A presentation of a proposal and a press conference will take place in the EP in Strasbourg on June 17. 

Positions:

Amnesty International and the European Council on Refugees and Exiles (ECRE) were among the few to criticise the ‘Returns Directive’. “By accepting this compromise text, the European Parliament will undermine its own mandate to protect human rights and allow EU law to erode existing international human rights standards,” said Nicholas Beger, the director of Amnesty International’s EU Office. 

“We need a Directive on returns, but not at all costs. We are particularly concerned about the excessive detention periods in this directive and the lack of real opportunities for migrants to leave of their own accord before being removed by force,” added Bjarte Vandvik, the secretary General of ECRE. 

Martin Schultz, the leader of the Socialist group (PES) in the European Parliament, stated that the Socialists have also been supportive of a common European migration policy and asylum, based on shared responsibilities between member countries and respect for human rights. He added that the importance of legal migration should not be underestimated. Socialists also advised that measures to contain illegal migration should be accompanied by development projects in the countries of immigration. 

MEP Jeanine Hennis-Plasschaert (ALDE, Netherlands), said the French plans for a European Migration Pact were “all very charming”, but advised the Presidency to follow up on elements other than the Returns Directive, such as the ‘Blue card’ initiative or asylum policy, and make sure the initiatives “pass through”. 
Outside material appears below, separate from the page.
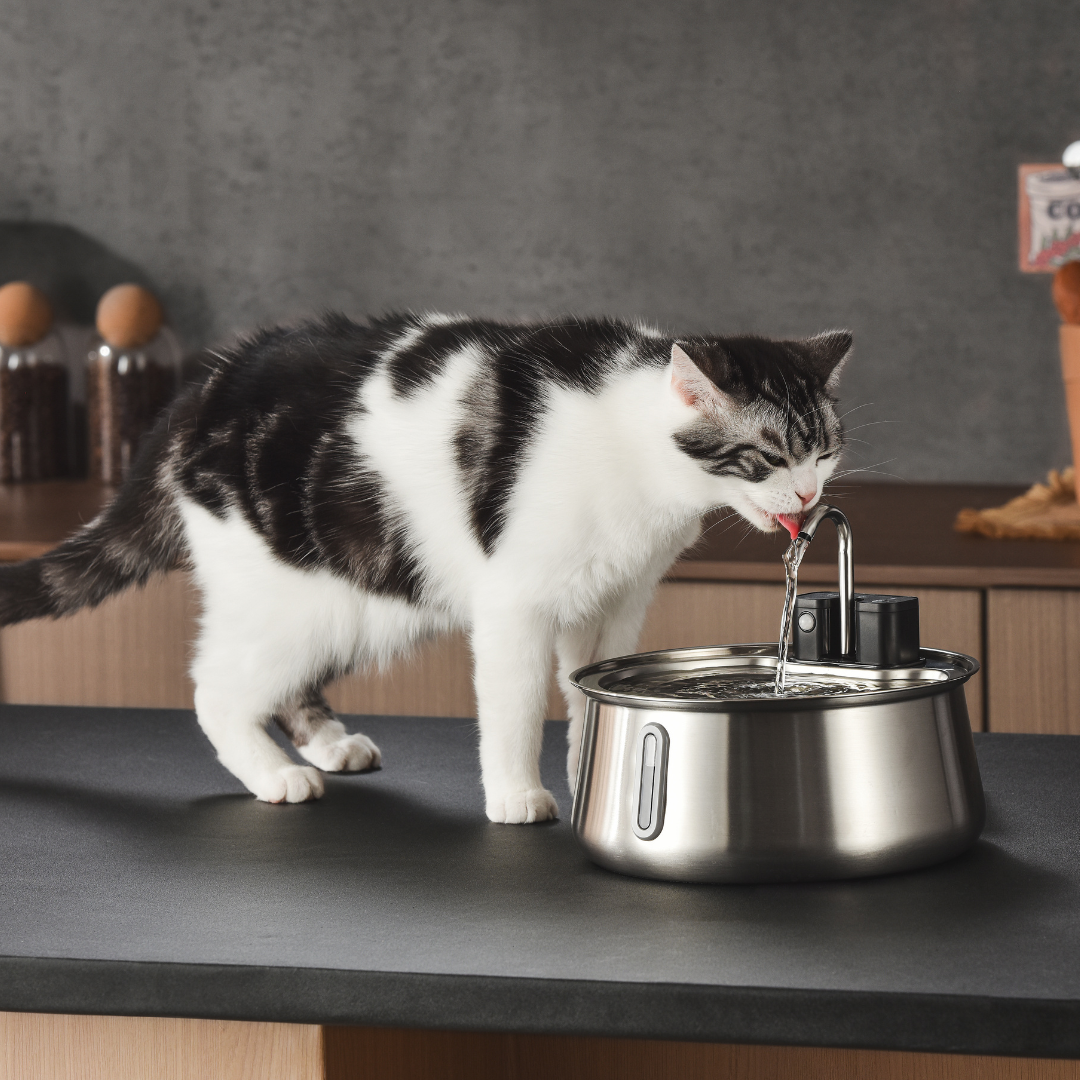 The KittySpout™ - Wireless Fountain 2.0 - Misc image 3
A spokesperson for the Greens, Helmut Weixler, told EurActiv his group was opposed to the compromise, but they were also aware they cannot stop the decision from being adopted. Their main criticism concerns t
he 18-month long possibility for retention, the removing of children from EU territory and repatriation to the transit country. 

Next steps:

  • 5 June: Justice and Home Affairs Council, Luxembourg. 
  • 16 June: Vote in Parliament, Strasbourg. Commission Vice-President Barrot presents EU principles to better cooperate on migration policy. 
  • 15-16 October: European Council, Brussels.